### Task to carry out
Since the records include pictures, leave those out while you reproduce exactly and only the lines from the one containing "WiFi Remote Thermometer" through the one containing "CLKE 12Pcs Porte", inclusive.

### Available records
◆ ◆ ◆ ◆

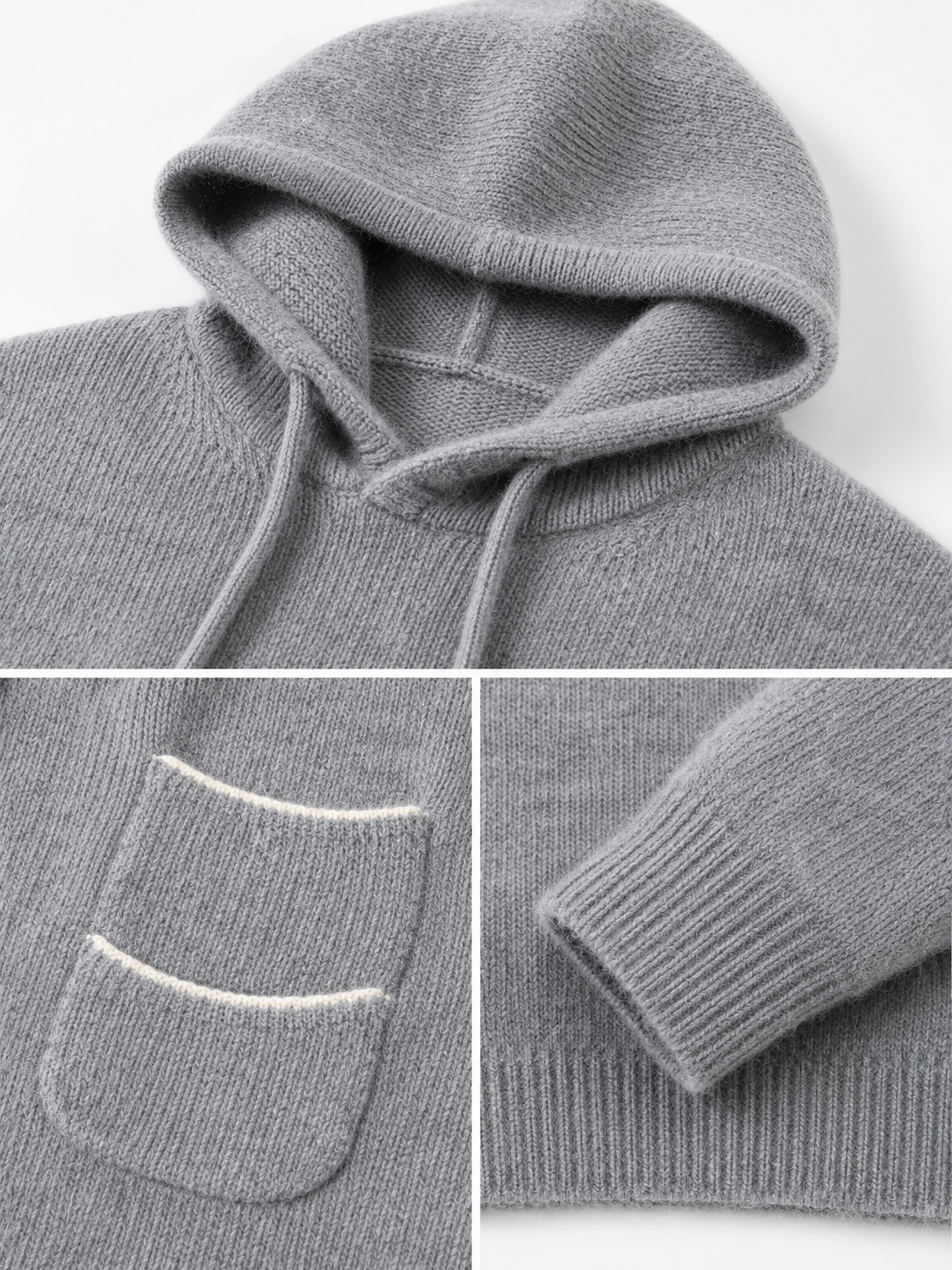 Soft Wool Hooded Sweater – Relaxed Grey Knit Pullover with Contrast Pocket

◆ ◆ ◆ ◆

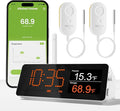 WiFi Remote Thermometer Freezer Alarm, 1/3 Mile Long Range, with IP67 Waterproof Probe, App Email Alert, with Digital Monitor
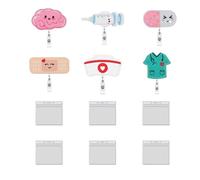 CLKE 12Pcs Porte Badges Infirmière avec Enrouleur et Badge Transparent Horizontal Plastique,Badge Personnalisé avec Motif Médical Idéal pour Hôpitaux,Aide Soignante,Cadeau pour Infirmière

◆ ◆ ◆ ◆

### Completed exercise
 WiFi Remote Thermometer Freezer Alarm, 1/3 Mile Long Range, with IP67 Waterproof Probe, App Email Alert, with Digital Monitor
 CLKE 12Pcs Porte Badges Infirmière avec Enrouleur et Badge Transparent Horizontal Plastique,Badge Personnalisé avec Motif Médical Idéal pour Hôpitaux,Aide Soignante,Cadeau pour Infirmière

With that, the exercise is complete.